(Records from a data collection)
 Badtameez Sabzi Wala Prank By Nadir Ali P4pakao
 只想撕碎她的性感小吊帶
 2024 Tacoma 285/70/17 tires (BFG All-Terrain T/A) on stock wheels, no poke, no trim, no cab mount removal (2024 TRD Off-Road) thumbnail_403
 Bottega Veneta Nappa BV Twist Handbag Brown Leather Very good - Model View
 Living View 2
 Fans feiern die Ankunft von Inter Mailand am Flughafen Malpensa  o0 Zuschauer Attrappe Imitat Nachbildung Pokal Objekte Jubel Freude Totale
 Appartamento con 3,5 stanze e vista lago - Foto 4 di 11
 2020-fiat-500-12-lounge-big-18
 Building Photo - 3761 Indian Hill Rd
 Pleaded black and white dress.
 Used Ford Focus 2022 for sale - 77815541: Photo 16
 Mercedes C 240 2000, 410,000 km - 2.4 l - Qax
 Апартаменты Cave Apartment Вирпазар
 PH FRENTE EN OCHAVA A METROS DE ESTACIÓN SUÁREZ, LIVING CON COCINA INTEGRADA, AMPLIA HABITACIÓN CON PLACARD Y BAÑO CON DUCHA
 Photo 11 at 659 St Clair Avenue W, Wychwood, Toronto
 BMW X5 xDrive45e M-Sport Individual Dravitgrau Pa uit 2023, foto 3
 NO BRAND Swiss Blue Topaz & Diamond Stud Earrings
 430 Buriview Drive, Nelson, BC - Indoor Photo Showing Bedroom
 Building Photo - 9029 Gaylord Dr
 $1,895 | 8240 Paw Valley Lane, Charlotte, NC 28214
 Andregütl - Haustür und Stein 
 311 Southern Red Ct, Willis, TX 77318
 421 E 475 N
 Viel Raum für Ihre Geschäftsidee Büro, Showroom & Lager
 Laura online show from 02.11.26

Exercise description:
For the lines above, output exactly those from the line containing "Living View 2" through the line containing "Mercedes C 240", and skip the others.

Exercise result:
 Living View 2
 Fans feiern die Ankunft von Inter Mailand am Flughafen Malpensa  o0 Zuschauer Attrappe Imitat Nachbildung Pokal Objekte Jubel Freude Totale
 Appartamento con 3,5 stanze e vista lago - Foto 4 di 11
 2020-fiat-500-12-lounge-big-18
 Building Photo - 3761 Indian Hill Rd
 Pleaded black and white dress.
 Used Ford Focus 2022 for sale - 77815541: Photo 16
 Mercedes C 240 2000, 410,000 km - 2.4 l - Qax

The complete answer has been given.